= Material provided =
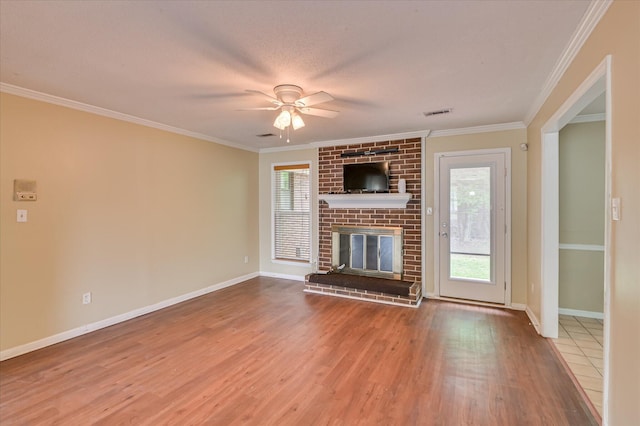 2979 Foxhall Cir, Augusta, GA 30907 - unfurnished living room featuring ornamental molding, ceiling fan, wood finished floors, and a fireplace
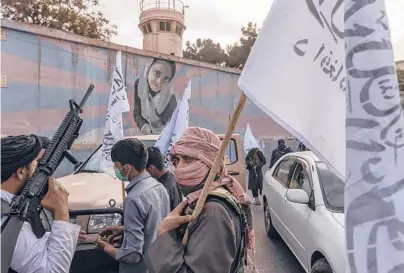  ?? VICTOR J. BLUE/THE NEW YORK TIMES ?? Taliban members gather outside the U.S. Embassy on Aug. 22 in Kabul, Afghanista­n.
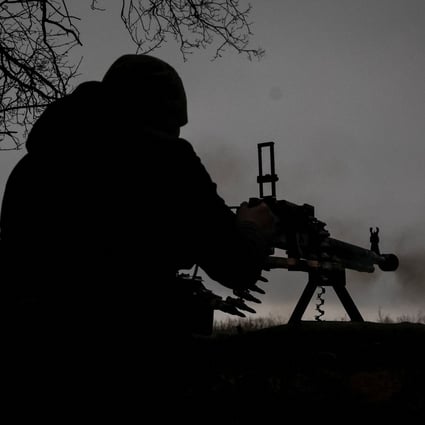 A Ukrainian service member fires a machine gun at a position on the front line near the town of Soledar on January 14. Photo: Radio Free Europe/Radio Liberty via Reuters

= Task instructions =
From the first line to the last, output the data exactly, without the pictures.

= Your response =
 2979 Foxhall Cir, Augusta, GA 30907 - unfurnished living room featuring ornamental molding, ceiling fan, wood finished floors, and a fireplace
  ?? VICTOR J. BLUE/THE NEW YORK TIMES ?? Taliban members gather outside the U.S. Embassy on Aug. 22 in Kabul, Afghanista­n.
 A Ukrainian service member fires a machine gun at a position on the front line near the town of Soledar on January 14. Photo: Radio Free Europe/Radio Liberty via Reuters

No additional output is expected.